Фельетонист "Зубило" сформировал писателя Олешу. Он стал автором выдающегося тома, к сожалению, оставшегося однотомником. Он горько сожалел, что в тридцать первом году пристрастился к алкоголю и литература для него кончилась. После всплеска шедевров была киноповесть "Строгий юноша", после чего имя Олеши встречалось в печати только под статьями, рецензиями, заметками, очерковыми зарисовками, рассказами. По сценариям Олеши были поставлены фильмы "Болотные солдаты" и "Ошибка инженера Кочина"; для театра имени Вахтангова Олеша инсценировал роман Достоевского "Идиот". Главным делом последних лет считал работу над дневниковыми записями, предполагая написать роман.
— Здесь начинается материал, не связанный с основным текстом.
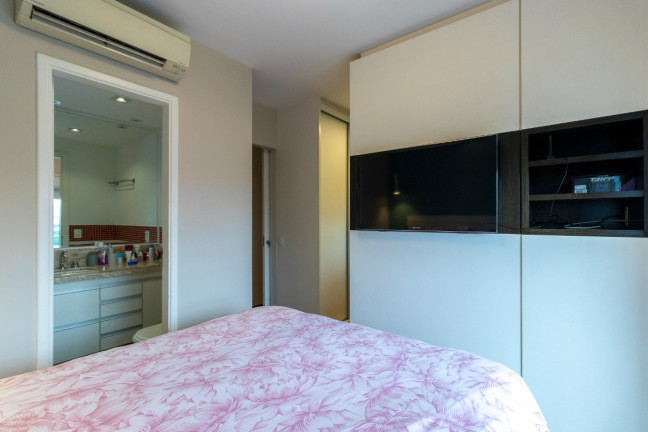 Imagem Apartamento com 3 Quartos à Venda, 101 m² em Santo Amaro - São Paulo Imagem Apartamento com 3 Quartos à Venda, 101 m² em Santo Amaro - São Paulo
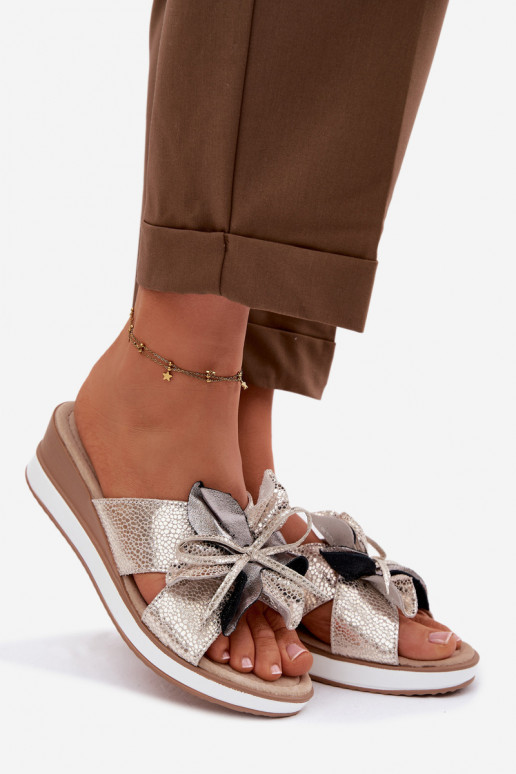 Pantofole in pelle con una piattaformaDekoracyjnym Un fiore S.Barski GR61-5989 colore dorato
Смерть от инфаркта 10 мая 1960 года оборвала работу. Ее опубликовали без него и назвали "Ни дня без строчки".
«Главы книги о «сдавшемся» интеллигенте Юрии Олеше были напечатаны в малоизвестном журнале «Байкал» — номера были изъяты из всех советских библиотек, а полностью книга вышла уже за границей и уже после смерти Беленкова». Но тут нет ничего невероятного: главный редактор «Байкала» Африкан Бальбуров наверняка «купился» на восторженное предисловие Корнея Чуковского, которое было предпослано статье Белинкова «Поэт и толстяк», да и тот же «эзопов язык» подстелил соломки… Словом, два номера «Байкала» сделали тот журнал знаменитым… А у нас книга «Сдача и гибель советского интеллигента. Юрий Олеша» все-таки тоже опубликована – пятитысячным тиражом – М.: РИК «Культура», 1997.